22 April 2012

Sleep, Pale Sister - Joanne Harris

This book is a totally different genre to what we know Joanne best for, and so some readers may be shocked to learn that she dabbles in a bit of Gothic ghost stories, or murder, or the Internet. This is the second book she wrote, and while it didn't sell too well initially, I hope it will make a nice comeback soon.

The book blurb reads:
'Henry Chester, a domineering and puritanical Victorian artist, is in search of the perfect model. In nine-year-old Effie he finds her. Ten years later, lovely, childlike and sedated, Effie seems like the idea wife. But something inside is about to awaken. Drawn by her lover, Mose, into a dangerous underworld of intrigue and blackmail, she meets Fanny Miller, the brothel-keeper, and her shadowy daughter, Marta - murdered ten years ago on the day of Henry's weekly visit... And as friendship becomes possession and Henry's secret past is revealed, Effie and Marta plan their revenge together.'

Now, this sounds very interesting to me, but unfortunately the blurb makes the book sound better than it is and gives most of the story to the reader at the same time. I've only quoted it to you because you're bound to read the blurb anyway.

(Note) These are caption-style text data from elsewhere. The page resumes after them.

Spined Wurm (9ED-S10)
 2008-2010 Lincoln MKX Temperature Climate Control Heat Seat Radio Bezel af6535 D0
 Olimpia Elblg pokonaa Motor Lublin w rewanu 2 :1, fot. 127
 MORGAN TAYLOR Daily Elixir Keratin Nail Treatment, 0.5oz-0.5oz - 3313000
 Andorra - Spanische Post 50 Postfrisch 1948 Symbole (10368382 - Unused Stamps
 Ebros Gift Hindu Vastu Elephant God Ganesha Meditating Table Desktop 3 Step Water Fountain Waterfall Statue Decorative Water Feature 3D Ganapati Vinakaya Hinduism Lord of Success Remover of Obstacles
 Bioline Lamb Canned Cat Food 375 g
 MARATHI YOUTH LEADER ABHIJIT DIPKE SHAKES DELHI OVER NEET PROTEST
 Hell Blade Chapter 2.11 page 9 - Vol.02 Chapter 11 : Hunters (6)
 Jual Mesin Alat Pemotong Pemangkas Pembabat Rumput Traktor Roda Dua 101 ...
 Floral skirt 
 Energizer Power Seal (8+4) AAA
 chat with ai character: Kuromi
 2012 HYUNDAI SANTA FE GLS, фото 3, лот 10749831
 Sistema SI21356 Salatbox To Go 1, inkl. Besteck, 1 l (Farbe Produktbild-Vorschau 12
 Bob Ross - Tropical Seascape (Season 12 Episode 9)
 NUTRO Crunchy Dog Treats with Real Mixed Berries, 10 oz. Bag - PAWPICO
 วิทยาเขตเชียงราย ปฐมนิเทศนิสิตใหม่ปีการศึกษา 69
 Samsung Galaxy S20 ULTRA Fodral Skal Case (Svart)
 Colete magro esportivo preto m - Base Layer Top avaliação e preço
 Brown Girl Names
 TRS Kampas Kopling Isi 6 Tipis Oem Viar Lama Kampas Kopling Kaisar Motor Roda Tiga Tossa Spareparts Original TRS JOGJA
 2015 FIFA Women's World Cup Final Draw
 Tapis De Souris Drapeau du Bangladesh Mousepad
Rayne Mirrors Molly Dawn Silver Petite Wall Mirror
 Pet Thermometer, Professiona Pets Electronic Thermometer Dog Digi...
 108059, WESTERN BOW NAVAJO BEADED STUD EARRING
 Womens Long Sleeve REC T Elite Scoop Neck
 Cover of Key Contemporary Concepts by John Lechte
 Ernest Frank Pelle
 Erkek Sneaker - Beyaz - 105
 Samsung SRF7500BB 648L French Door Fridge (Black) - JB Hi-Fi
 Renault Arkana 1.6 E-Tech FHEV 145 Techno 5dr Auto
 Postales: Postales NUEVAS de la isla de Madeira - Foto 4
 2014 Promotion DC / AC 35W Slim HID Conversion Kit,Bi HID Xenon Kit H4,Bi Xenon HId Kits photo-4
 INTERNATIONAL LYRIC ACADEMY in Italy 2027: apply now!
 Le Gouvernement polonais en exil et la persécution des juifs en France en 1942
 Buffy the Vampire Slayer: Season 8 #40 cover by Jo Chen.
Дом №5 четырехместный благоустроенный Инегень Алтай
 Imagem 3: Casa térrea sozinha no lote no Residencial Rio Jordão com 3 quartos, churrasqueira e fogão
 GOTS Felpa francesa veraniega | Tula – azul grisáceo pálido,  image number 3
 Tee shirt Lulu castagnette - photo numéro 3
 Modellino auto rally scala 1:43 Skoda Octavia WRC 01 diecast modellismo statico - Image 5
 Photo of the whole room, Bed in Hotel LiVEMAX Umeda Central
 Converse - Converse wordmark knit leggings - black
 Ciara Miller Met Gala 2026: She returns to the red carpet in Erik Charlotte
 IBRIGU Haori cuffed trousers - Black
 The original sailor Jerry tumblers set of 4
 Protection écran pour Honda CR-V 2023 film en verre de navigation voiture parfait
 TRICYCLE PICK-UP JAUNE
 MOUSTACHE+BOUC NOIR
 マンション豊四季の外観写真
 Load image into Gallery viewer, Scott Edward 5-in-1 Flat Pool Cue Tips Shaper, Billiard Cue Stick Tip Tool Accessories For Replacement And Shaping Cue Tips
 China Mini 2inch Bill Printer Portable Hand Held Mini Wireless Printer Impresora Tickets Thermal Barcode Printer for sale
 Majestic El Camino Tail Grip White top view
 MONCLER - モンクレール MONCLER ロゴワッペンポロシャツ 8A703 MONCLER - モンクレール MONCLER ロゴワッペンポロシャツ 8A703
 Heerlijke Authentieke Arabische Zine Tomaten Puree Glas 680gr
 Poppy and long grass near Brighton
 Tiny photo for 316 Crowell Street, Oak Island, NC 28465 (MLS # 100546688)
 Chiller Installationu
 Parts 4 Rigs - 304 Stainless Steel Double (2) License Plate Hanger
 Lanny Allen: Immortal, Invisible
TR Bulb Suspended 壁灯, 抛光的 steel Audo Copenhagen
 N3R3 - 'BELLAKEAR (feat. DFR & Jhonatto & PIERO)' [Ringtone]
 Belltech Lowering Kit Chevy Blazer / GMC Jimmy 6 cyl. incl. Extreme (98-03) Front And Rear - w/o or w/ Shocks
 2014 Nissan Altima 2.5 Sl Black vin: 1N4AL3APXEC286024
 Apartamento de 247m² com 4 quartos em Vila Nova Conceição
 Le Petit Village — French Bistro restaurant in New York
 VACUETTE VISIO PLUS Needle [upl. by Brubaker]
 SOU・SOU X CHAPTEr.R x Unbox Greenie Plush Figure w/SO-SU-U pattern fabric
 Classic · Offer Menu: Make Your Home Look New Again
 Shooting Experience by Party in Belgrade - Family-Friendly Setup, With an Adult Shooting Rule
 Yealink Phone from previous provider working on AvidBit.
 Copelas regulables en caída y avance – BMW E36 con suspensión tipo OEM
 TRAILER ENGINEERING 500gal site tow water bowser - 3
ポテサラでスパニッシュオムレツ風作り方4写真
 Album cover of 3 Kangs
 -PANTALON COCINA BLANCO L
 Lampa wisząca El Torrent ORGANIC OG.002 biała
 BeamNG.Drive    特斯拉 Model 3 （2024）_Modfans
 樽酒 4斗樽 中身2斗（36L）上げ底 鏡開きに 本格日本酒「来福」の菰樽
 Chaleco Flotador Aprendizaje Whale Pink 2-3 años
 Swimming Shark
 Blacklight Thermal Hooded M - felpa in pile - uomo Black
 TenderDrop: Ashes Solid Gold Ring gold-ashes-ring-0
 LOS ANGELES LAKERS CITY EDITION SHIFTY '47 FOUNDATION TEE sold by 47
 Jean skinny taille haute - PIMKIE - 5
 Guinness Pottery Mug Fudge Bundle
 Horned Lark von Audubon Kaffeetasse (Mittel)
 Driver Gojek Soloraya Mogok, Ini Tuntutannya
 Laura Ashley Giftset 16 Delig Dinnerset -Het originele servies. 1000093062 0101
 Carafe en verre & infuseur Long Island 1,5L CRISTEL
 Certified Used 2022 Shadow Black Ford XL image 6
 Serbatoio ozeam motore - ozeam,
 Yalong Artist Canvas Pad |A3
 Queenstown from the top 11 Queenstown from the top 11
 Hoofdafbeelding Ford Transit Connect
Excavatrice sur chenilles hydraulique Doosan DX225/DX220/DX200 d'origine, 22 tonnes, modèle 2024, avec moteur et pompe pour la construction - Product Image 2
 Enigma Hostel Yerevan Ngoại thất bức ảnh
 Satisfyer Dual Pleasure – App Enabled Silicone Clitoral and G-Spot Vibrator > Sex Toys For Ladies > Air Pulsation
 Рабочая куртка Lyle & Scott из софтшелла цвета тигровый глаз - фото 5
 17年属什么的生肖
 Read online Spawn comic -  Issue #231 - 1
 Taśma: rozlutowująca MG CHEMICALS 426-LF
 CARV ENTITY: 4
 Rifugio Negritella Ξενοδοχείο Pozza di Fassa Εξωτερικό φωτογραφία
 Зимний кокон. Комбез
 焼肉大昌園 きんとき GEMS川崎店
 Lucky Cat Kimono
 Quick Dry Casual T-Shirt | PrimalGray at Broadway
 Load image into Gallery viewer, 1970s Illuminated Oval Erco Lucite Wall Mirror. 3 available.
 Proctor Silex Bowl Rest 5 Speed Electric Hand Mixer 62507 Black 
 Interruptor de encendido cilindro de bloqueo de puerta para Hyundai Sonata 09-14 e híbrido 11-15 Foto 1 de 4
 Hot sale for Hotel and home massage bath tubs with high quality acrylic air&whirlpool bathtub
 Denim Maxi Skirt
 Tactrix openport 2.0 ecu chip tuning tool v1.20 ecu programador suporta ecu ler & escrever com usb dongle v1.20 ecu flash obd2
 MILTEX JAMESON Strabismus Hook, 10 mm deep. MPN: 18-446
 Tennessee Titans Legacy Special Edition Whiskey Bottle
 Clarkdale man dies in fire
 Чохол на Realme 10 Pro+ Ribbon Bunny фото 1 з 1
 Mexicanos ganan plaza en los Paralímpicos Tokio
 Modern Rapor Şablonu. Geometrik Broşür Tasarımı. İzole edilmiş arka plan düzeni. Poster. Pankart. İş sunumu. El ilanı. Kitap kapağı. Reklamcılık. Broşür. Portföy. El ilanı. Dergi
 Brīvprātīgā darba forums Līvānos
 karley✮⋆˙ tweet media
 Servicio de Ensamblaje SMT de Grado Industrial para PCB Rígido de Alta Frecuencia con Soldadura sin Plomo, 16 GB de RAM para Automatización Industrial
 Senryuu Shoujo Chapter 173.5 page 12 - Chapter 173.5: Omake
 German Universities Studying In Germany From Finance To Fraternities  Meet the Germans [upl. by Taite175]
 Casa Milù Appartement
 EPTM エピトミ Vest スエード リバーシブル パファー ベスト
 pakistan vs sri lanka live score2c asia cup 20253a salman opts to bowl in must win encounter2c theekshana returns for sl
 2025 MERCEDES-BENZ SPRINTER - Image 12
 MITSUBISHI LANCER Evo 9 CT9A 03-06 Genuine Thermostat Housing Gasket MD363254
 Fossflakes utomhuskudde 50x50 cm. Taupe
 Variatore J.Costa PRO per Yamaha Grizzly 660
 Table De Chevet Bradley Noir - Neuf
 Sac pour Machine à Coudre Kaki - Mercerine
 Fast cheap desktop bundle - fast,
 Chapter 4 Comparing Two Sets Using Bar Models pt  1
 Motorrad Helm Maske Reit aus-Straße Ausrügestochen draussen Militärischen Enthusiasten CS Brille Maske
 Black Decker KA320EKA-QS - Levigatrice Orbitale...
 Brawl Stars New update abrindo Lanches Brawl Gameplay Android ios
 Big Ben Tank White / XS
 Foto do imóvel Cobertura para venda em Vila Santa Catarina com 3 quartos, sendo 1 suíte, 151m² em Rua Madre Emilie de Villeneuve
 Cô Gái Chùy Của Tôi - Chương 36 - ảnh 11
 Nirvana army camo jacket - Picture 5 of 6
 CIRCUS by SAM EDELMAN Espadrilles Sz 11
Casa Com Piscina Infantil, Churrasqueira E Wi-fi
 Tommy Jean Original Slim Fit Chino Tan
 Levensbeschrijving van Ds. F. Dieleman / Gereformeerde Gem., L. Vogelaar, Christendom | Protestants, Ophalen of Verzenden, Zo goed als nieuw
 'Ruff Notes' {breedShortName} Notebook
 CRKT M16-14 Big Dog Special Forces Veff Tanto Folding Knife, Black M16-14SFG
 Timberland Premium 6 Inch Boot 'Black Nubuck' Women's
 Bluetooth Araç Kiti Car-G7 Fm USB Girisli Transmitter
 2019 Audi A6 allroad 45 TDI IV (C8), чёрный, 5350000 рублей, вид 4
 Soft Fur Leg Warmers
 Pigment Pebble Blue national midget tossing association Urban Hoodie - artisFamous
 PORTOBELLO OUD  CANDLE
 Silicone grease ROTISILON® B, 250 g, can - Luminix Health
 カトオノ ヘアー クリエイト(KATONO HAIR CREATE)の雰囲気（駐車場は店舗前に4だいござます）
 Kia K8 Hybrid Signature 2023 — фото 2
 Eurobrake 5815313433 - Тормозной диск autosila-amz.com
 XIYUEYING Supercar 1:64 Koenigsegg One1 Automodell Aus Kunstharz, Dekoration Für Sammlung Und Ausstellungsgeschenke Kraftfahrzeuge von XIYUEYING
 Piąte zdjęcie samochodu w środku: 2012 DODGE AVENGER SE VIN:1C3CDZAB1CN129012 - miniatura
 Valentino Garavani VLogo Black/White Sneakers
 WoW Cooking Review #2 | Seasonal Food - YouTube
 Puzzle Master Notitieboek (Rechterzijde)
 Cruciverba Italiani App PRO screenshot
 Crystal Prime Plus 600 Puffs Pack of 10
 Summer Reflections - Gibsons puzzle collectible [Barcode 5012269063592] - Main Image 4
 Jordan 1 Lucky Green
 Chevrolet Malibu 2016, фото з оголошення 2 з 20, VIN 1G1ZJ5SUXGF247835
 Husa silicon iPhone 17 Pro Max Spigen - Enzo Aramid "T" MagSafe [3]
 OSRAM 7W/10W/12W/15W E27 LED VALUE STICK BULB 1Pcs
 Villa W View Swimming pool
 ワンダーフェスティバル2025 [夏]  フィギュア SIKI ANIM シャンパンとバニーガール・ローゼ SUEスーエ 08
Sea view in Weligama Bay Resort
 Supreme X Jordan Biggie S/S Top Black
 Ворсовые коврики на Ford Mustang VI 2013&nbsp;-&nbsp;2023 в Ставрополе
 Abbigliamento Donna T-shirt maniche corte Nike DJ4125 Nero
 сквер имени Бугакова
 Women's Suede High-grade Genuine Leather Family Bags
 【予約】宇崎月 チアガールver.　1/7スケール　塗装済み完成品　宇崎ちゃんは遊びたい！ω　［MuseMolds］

The storyline is pretty interesting, but to me it does take a while for things to get going. The intrigue at the beginning of the novel is really nice though. We get a real sense of Henry as a character. His guilt is palpable, and we only feel sorry for him to begin with, albeit a little weirded out. The story is told well, and is confusing in such a way so that you don't really understand what is going on until she tells you.

The multiple first person narrative can be a bit tricky, but luckily each character has a specific personality so usually you can figure out how it is rather quickly. This is very effective as we really get a sense of how the characters think and feel, and know everything that is going on. Considering this is a story where three main characters are completely oblivious of one fact or another at certain times, I feel that this is a good thing.

I think what Joanne Harris is good at is giving us a perfect sensory experience. At some points, I was truly a little scared. While at others I could perfectly imagine the effects of the drugs that the characters were taking.

Overall, the book is a good read, but not up to scratch with her usual work. I'd give it the benefit on the doubt, though, as it was only her second book.

Despite the fact that she is my favourite author, it's a 5 out of 10 from me.